Vocalizer does not perform a full syntactic analysis, that is, it does not construct a full syntax tree, but rather performs a phrase level parsing. For instance, Vocalizer can use context dependent rules to solve part-of-speech ambiguities and divide a sentence in word groups and prosodic phrases.

The phonetic module performs two main tasks: segmental synthesis and creation of good prosodic patterns.
Vocalizer’s segmental synthesis module is responsible for the synthesis of the spectral characteristics of synthetic speech. The segmental synthesis module also handles amplitude (loudness).
Vocalizer creates good prosodic characteristics to ensure intelligible and natural sounding speech. To synthesize prosody, Vocalizer assigns a correct duration to each phoneme, and produces an intonation contour.
With respect to the intonation, some important principles have to be taken into account.

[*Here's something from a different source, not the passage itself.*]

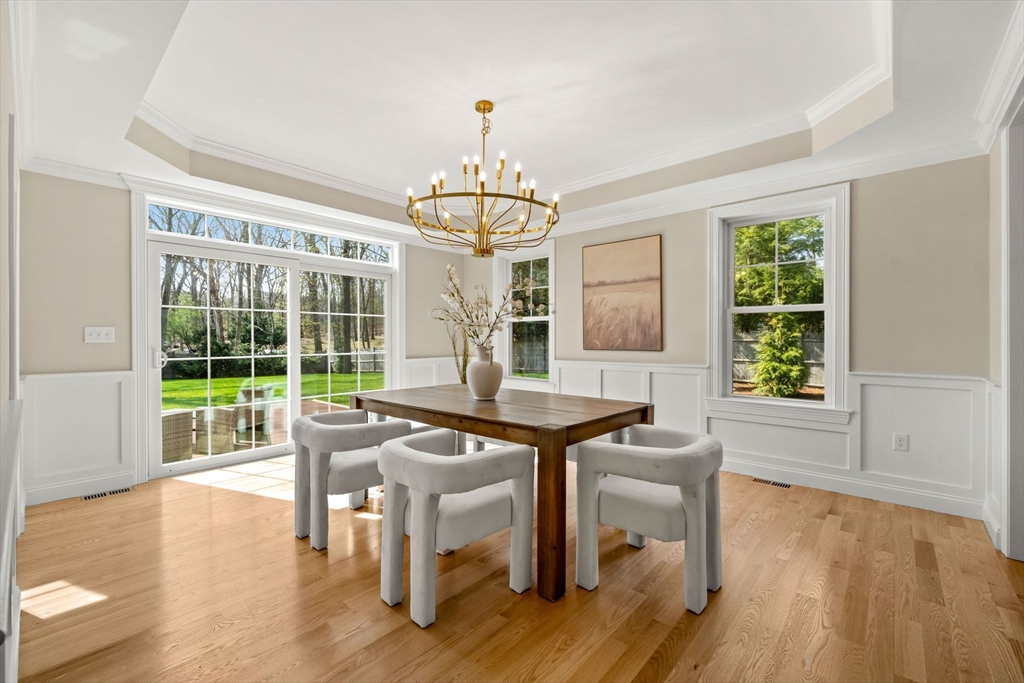 18 Robinson Road Lexington, MA 02420 - Photo 6 of 32 Gallery Image 6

- Each sentence contains one or more important or dominant words.
- In many languages, an important word is marked by means of an intonation accent realized as a pitch movement on the lexically accented syllable of the important word.
- Intonation is not only used to emphasize words but also to mark the sentence type (for example, declarative versus interrogative, WH-questions versus yes/no-questions) and to mark important syntactic boundaries (for example, with phrase final continuation rises).
- In tone languages such as Chinese, Vocalizer conveys word meanings and grammatical contrasts by variations in pitch. In pitch-accent languages such as Swedish and Japanese, Vocalizer pronounces a particular syllable in a word with a certain tone. This is in contrast to languages such as English where each word has a fixed lexical stress position.
Vocalizer’s language-specific intonation module models the perceptually relevant intonation effects of the target language. It takes into account the number, location, and stress level of the important words, the location of the major syntactic boundaries, and the sentence type.
Assigning a correct duration to each phoneme is essential. Phoneme durations are influenced by several factors. A partial list includes:
- Phonetic context
- Stress level
- Position within the word
- Syntactic structure of the sentence
- Opposition between content and function words

The last part of a TTS conversion is the acoustic processing where Vocalizer converts the speech data into a speech signal. The chosen synthesis model needs to allow the independent manipulation of spectral characteristics, phoneme duration, and intonation.